> _Records for the task_:
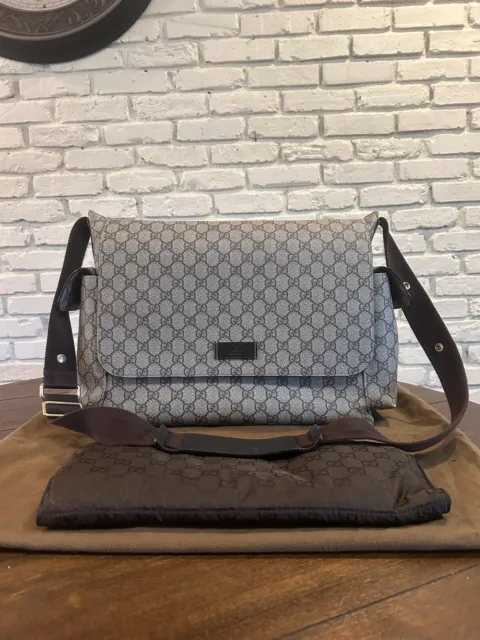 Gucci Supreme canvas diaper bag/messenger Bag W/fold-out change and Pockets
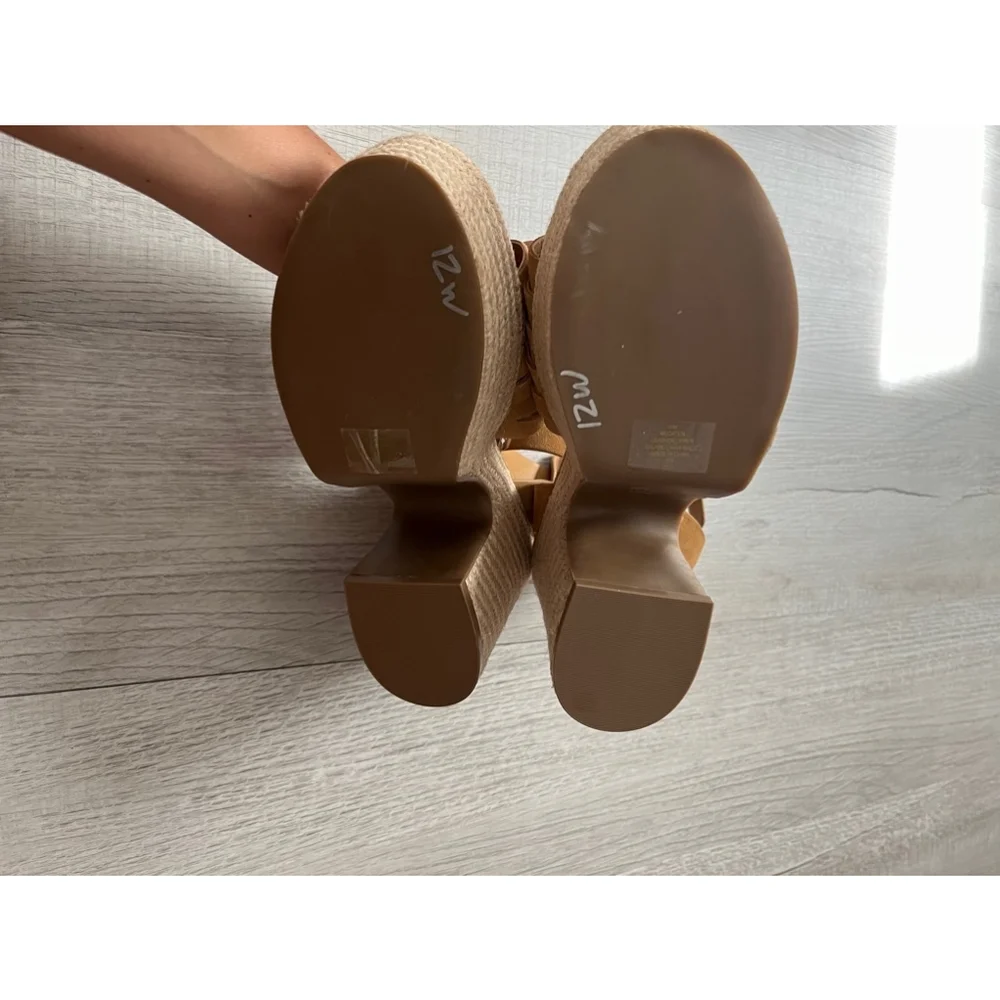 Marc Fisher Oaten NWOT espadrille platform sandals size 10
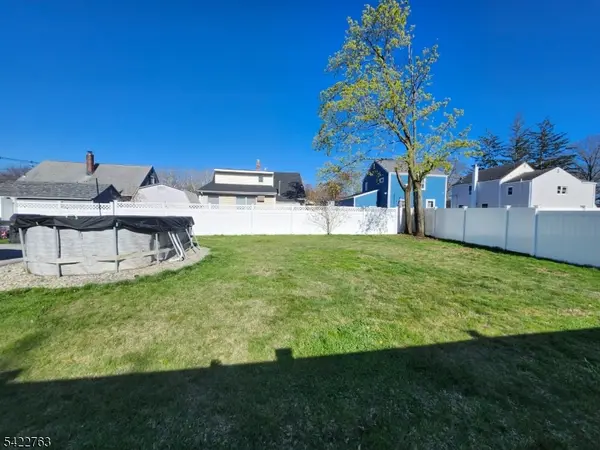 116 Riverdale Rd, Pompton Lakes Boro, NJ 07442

* * *

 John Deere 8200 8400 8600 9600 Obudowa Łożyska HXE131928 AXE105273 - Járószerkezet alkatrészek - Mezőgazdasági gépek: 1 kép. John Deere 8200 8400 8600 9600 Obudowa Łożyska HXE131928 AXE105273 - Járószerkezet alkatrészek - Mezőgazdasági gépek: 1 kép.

--

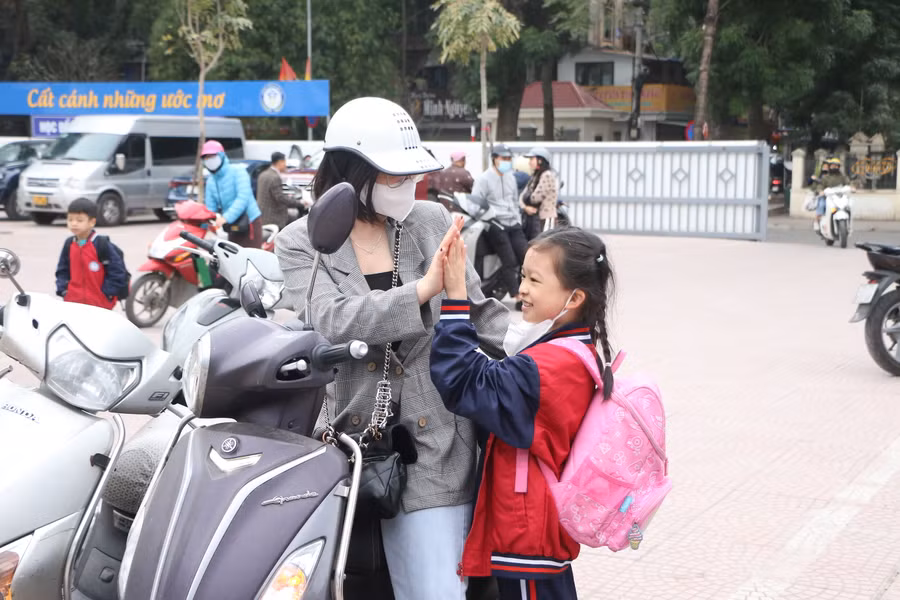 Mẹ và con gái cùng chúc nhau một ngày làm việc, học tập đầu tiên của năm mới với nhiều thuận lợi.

> _Work task_:
Exact copy, no pictures. Write out the lines in the entries above, starting with the line with "Gucci Supreme canvas" and going on through the line with "116 Riverdale Rd, Pompton", keeping both.

> _Output for this exercise_:
 Gucci Supreme canvas diaper bag/messenger Bag W/fold-out change and Pockets
 Marc Fisher Oaten NWOT espadrille platform sandals size 10
 116 Riverdale Rd, Pompton Lakes Boro, NJ 07442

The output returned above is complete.